Boris Pistorius est donné gagnant non seulement contre ce dernier, si les Allemands pouvaient élire directement leur chancelier, mais aussi contre Friedrich Merz, le chef de l’opposition conservatrice CDU/CSU, créditée de quelque 32 % des voix dans les sondages. Pourtant, à ce stade, le ministre s’affiche en soldat loyal : “Nous avons un chancelier fédéral, et c’est le candidat désigné à la chancellerie”, a-t-il encore récemment mis au point.

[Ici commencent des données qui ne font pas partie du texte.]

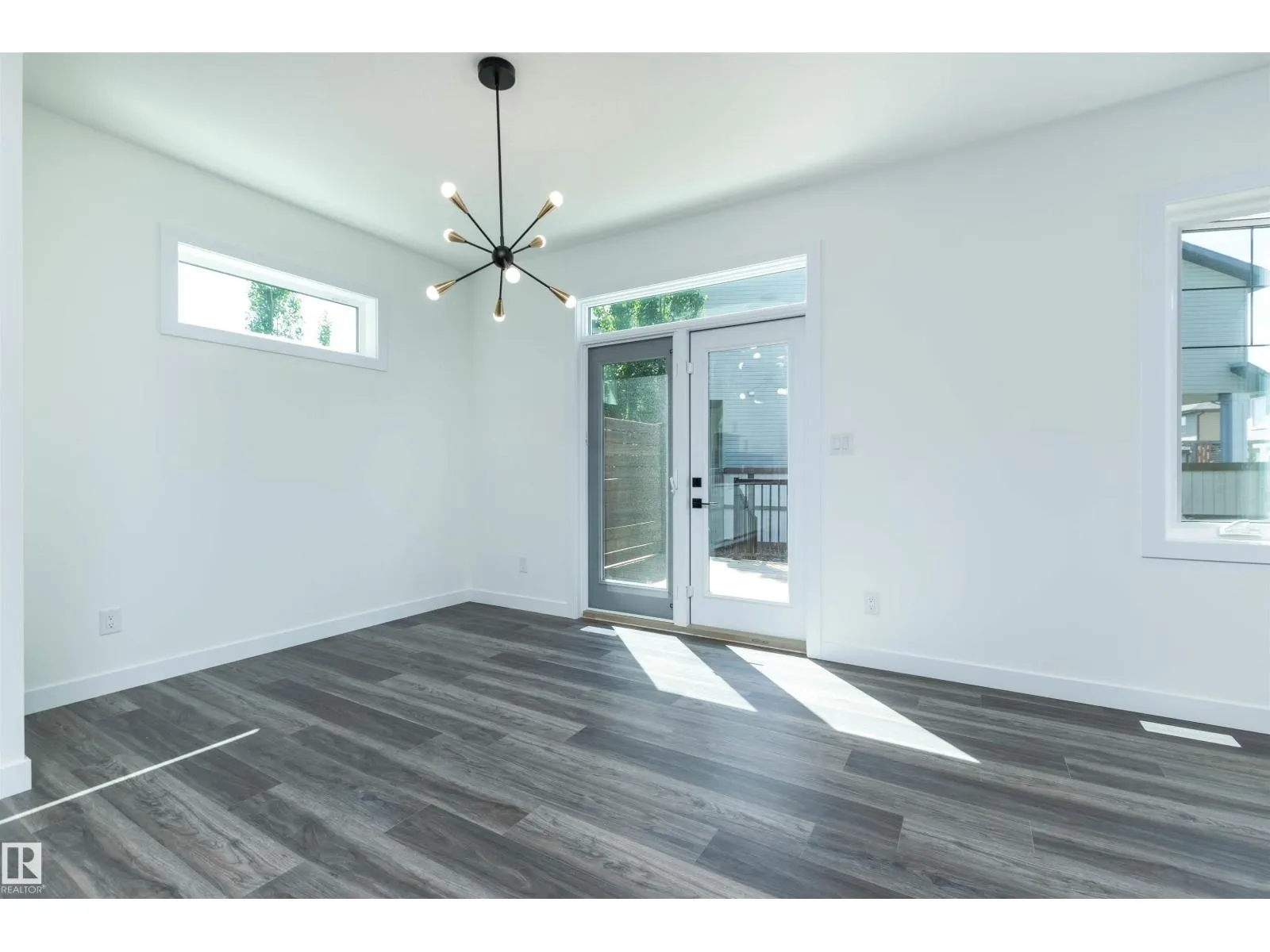 17 Sunbury PL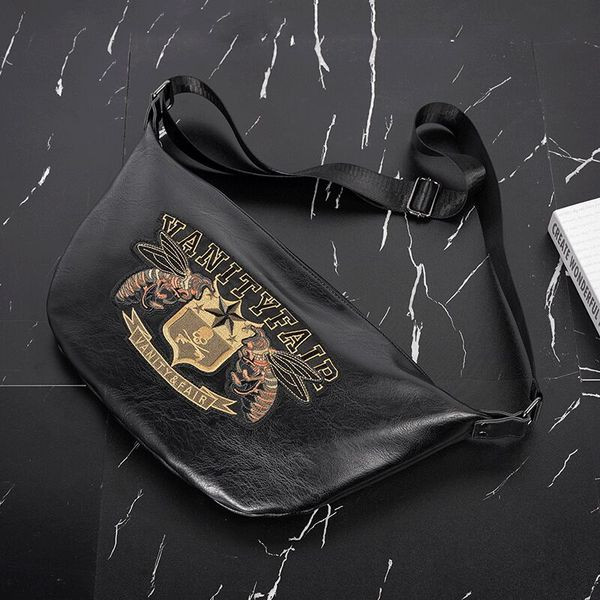 Modern férfi táska hosszú füllel, fekete színben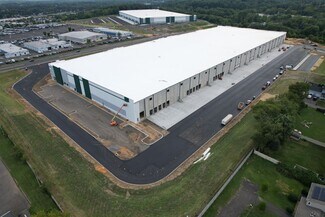 Plus de détails pour 1600 E Old Lincoln Hwy, Langhorne, PA - Industriel à louer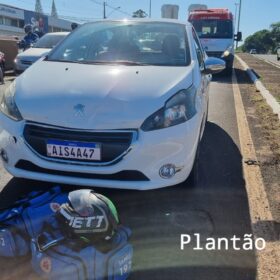 Fotos de Engavetamento envolvendo quatro veículos deixa moça ferida em Maringá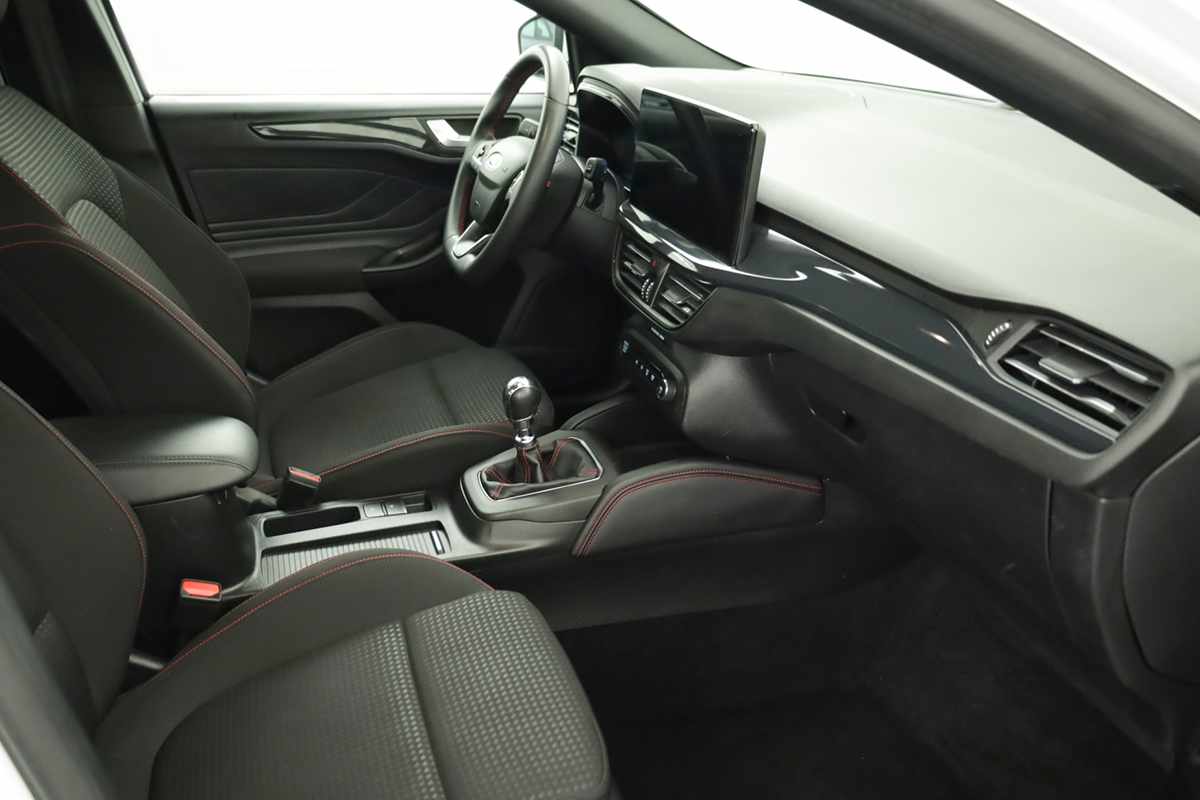 ford-focus-2024-gasolina-998cc
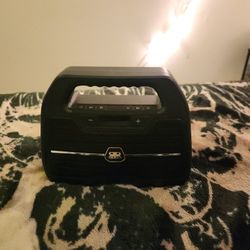 Black Speaker 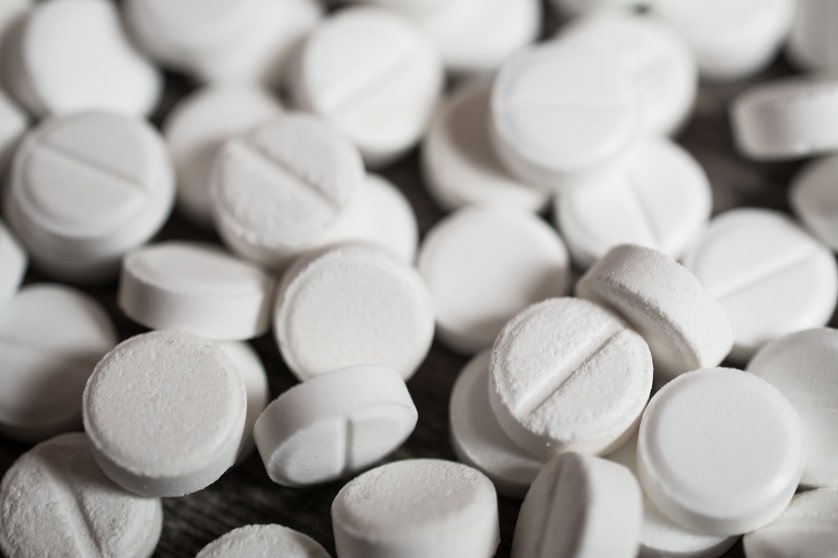 Große Menge an Antidepressiva Tabletten nebeneinander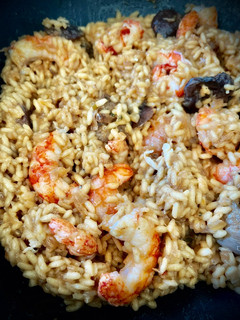 Una foto de Risotto de gambones y setas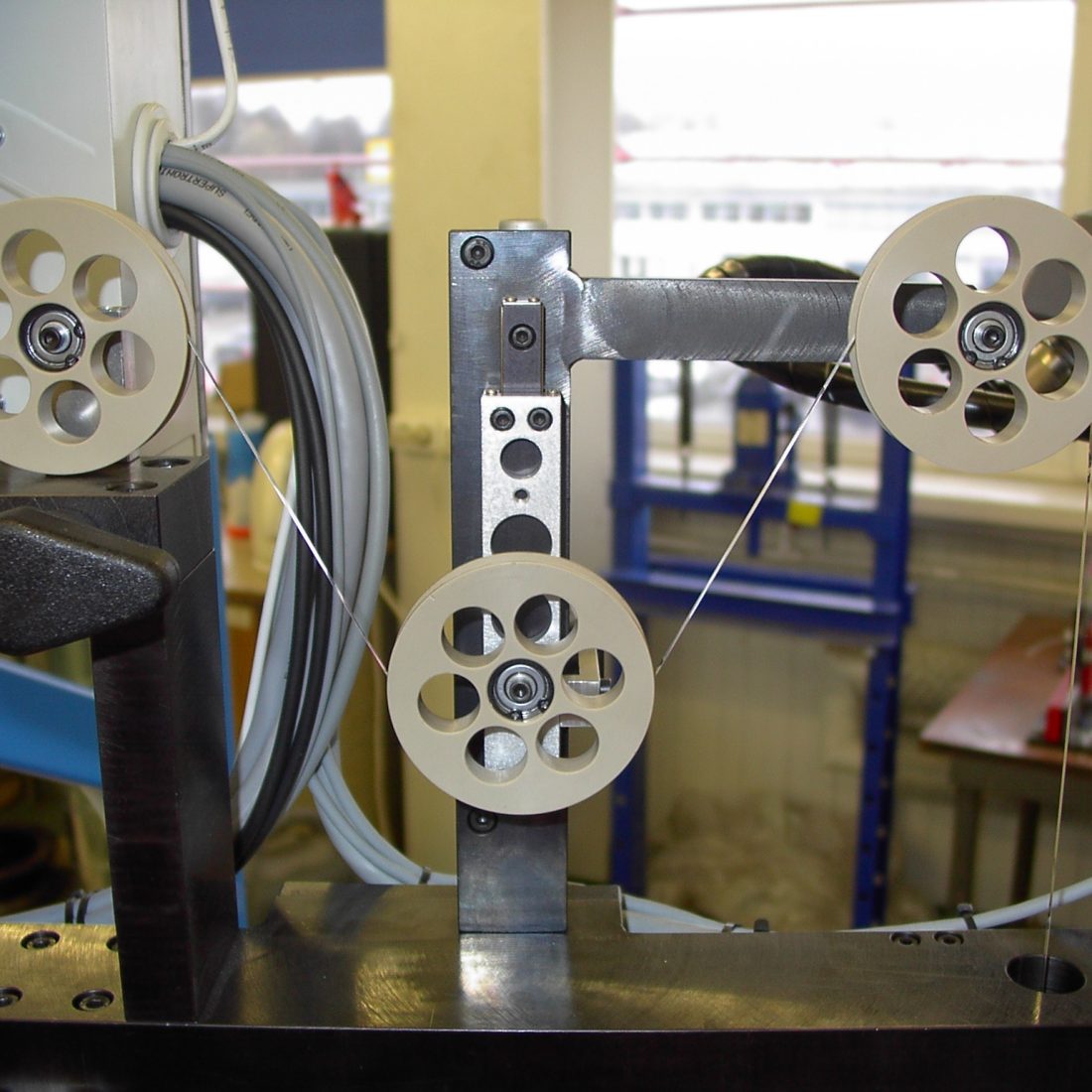 Maszyny, Urządzenia, Automatyzacja, Modernizacja www.neotech.pl | NBW-02 urządzenie do nawijania bezpieczników HV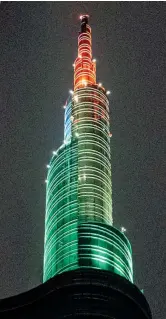  ??  ?? La torre I colori della bandiera italiana hanno illuminato il grattaciel­o Unicredit a Milano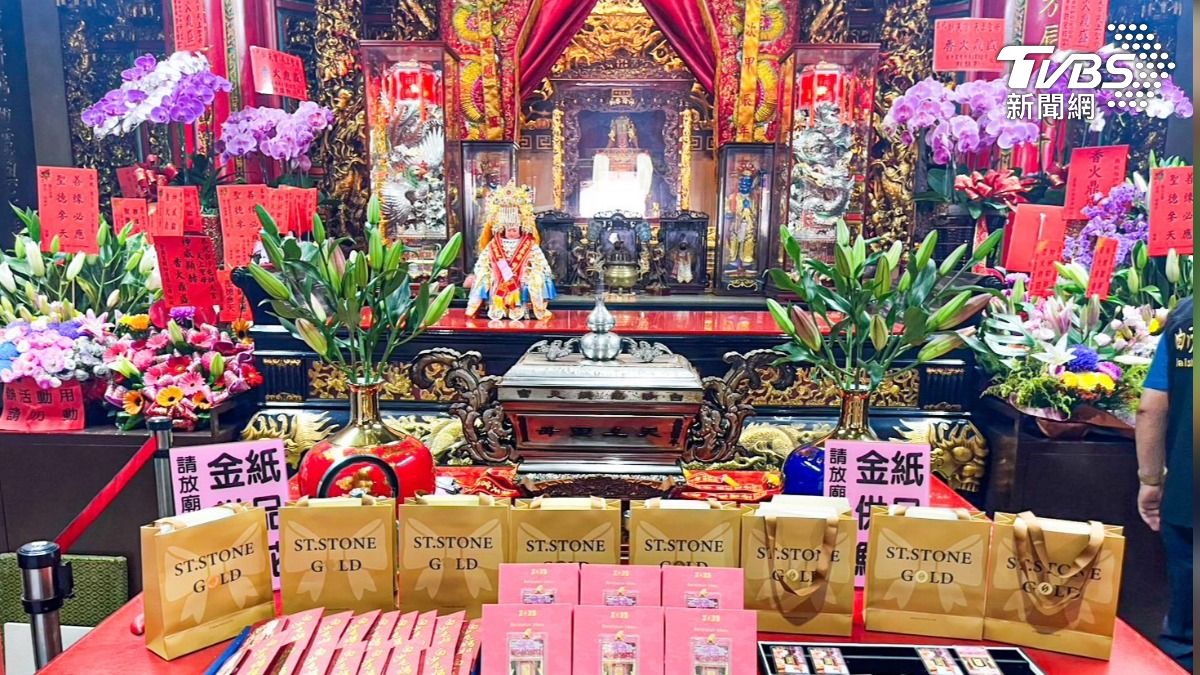 台灣黃金市場結合信仰,推白沙屯媽祖紀念黃金條塊,業者先敬獻媽祖100枚純度999.9的紀念金塊。(圖/聖石金業)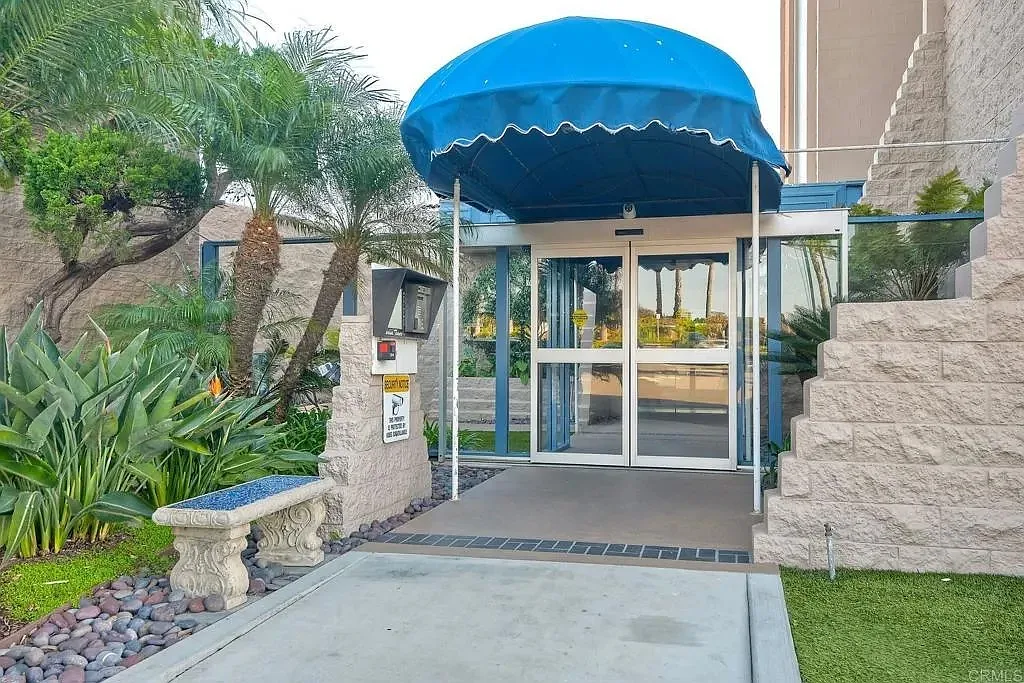 2 bed, 1364 sqft, $6,000 — Photo 3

Les sociaux-démocrates craindraient cependant un effet “Martin Schulz”. Ce dernier, candidat du SPD aux élections fédérales de 2017, avait commencé comme “le roi des sondages”, rappelle Die Zeit. Avant de finir à plus de 11 points de la CDU d’Angela Merkel, dans le pire score enregistré par son camp dans les élections d’après-guerre.
“Un vrai défi”
Une candidature de Boris Pistorius représenterait pourtant “un vrai défi” pour ses concurrents, reconnaît Wolfgang Kubicki, membre du FDP, le parti libéral. Classé dans le camp “des sociaux-démocrates conservateurs” et partisan d’une aide accrue à l’Ukraine contre l’invasion russe, le ministre ne fait pourtant pas l’unanimité dans un SPD toujours imprégné de pacifisme, position très répandue en Allemagne depuis les horreurs du nazisme.
Lors d’un discours au Bundestag ce mercredi, Olaf Scholz s’est d’ailleurs félicité de sa “prudence” vis-à-vis de l’Ukraine et d’un possible embrasement de la région. En justifiant notamment de nouveau son refus de fournir à Kiev des missiles à longue portée, les fameux “Taurus” allemands. De son côté, Boris Pistorius, juriste de formation, ne cesse d’alerter sur la menace russe. Il avait choqué ses camarades après avoir dit vouloir rendre à la Bundeswehr, l’armée allemande négligée depuis la fin de la guerre froide, sa “capacité à faire la guerre”. Il se voit aussi reprocher son absence d’expérience en tant que chancelier, qu’il partage au passage avec Friedrich Merz.
Si ce dernier juge que le SPD est dans une “situation difficile” à cause de son impopulaire leader, il ne compte pas sur un retrait de dernière minute, comme Joe Biden aux Etats-Unis : “Ils devront bon gré mal gré se présenter aux élections fédérales avec Olaf Scholz”, a-t-il estimé mercredi. Selon les projections actuelles, le nouvel exécutif a toutes les chances d’être mené par les conservateurs, avec éventuellement les sociaux-démocrates comme partenaires de coalition.